Bengals coach Zac Taylor, the team’s offensive playcaller, said that losing Boyd presented a key challenge given how much Kansas City was double-teaming the team’s outside receivers, Tee Higgins and Ja’Marr Chase.
Throughout his career, Boyd’s ability to fight through injuries has been well documented. In Week 16 of the 2019 season, Boyd staggered to the line of scrimmage despite dealing with a serious cramp, a move that allowed Cincinnati to score a tying touchdown at the end of regulation. Last year, Boyd missed Week 15 because of a dislocated finger where a bone came through the skin. He returned for the rest of the team’s games, including the entire postseason.
“Football is pain,” Boyd said on Dec. 15. “You’re going to get hit. You’re going to wake up sore the next morning anyways.”
Boyd is one a few players who has remained on the roster since the 2019 season, when the Bengals had the worst record in the NFL. If the team decides to cut Boyd, the Bengals gain roughly $8.9 in salary cap space while incurring just $1.4 million in dead money, according to Roster Management System. However, Boyd has not received any indication that he will not play the final year of his current contract with the team that drafted him in 2016.
“They love me in the front [office],” Boyd said. “They respect me. I go about things the right way. I come in with a great attitude each and every day. I don’t complain as much. I go out there and do my job. It’s a love, family thing.”

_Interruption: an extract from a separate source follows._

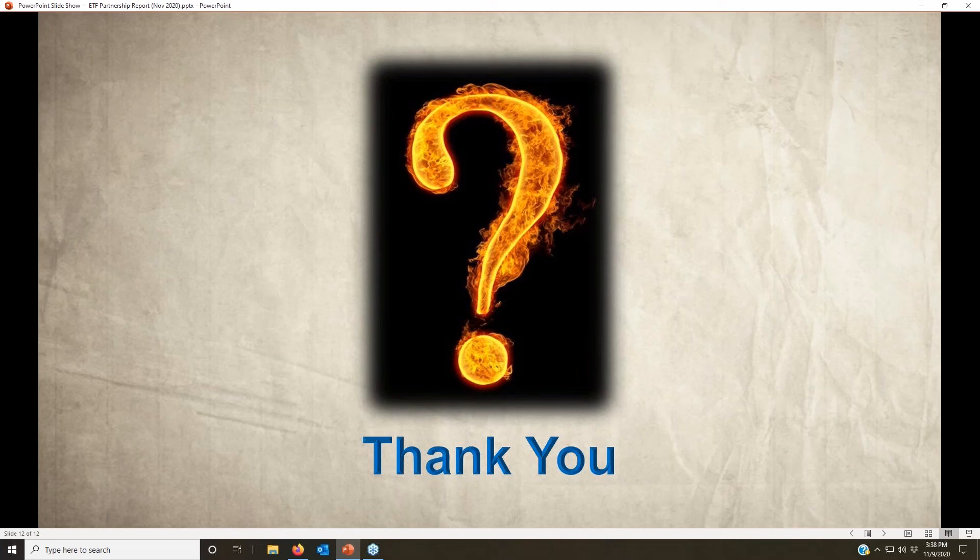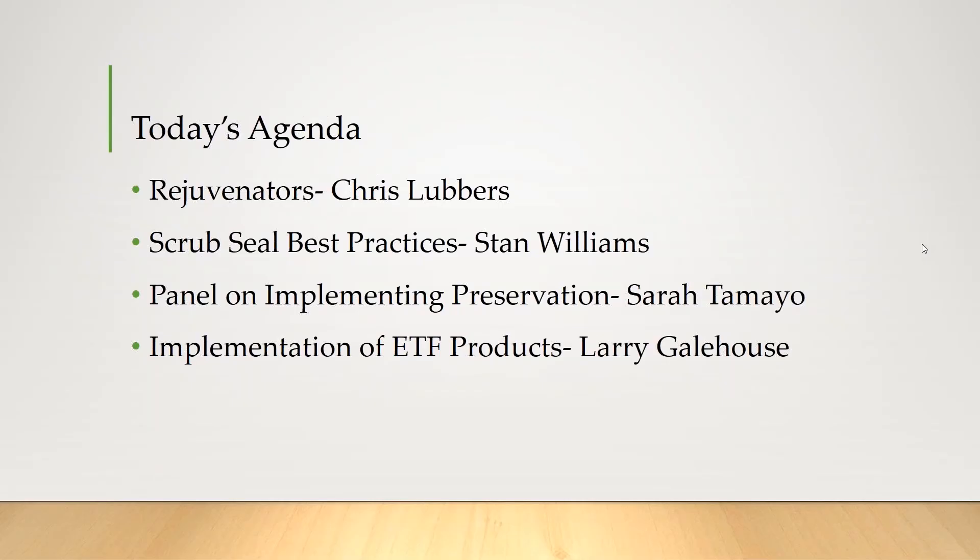I will be moderating the question and answer section. Will the presentations be recorded or available for viewing? Yes, all our presentations will be available and we'll be sending out the link to the website.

Taylor echoed that sentiment after Boyd’s first practice, which featured very light drills as the Bengals approach the end of Phase 2 of offseason workouts. The fifth-year coach said Boyd has encapsulated the primary tenets of the team’s culture, from daily consistency to being open and honest when asked for his thoughts on the team.

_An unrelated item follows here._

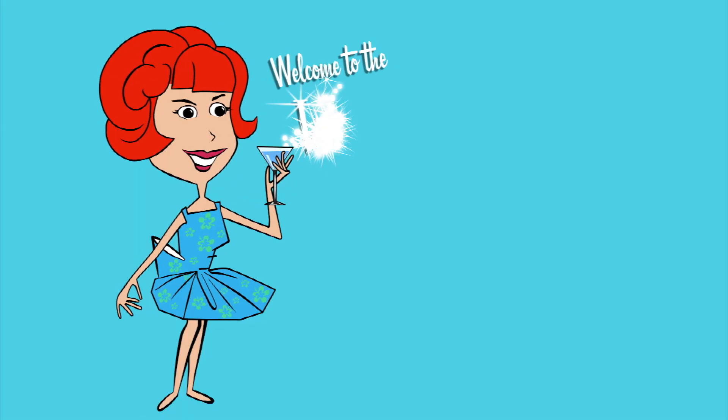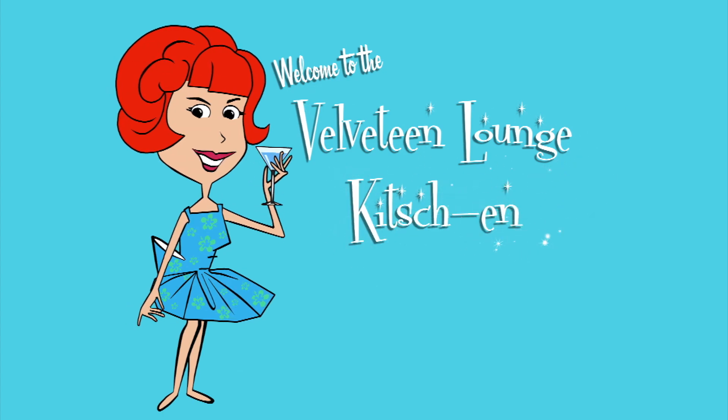It's Mocktail Monday and today we're faking it. Hello and welcome to Mocktail Monday at the Velveteen Lounge Kitchen. We were asked by Kenneth to come up with a non-alcoholic version of a whiskey sour, and I think we're onto something with this one.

“He’s been about what we want to be about, every step of the way,” Taylor said. “When this staff came in here in 2019 he’s one of those guys that through thick and thin is always, ‘Whatever you need from me coach.’”
The team that was the worst in the NFL during Taylor’s first year with Boyd has now played for championships in back-to-back seasons. Cincinnati bolstered the offensive line this offseason, adding former Kansas City left tackle Orlando Brown Jr. in March during free agency.
“I love it because we have a nice little rivalry with the Chiefs,” Boyd said. “Just seeing him come over, you know, it’s like, ‘We one-upped y’all,’ but at the end of the day, he’s a great player no matter where he would have went.”
Boyd and the Bengals will be looking to get back to the AFC title game for another crack at playing for a Super Bowl, a game the Bengals lost at the end of the 2021 campaign.
Boyd enters this season ranked fifth in receptions in franchise history (446) and ninth in total receiving yards (5,333). But numbers and money are not the highest priority as Boyd approaches what could be his final year with the club.
“I just want to win, and that’s the biggest evolution of coming here and starting here and being where I am,” Boyd said. “We are a winning franchise now and we are going to continue to win. We are getting better.”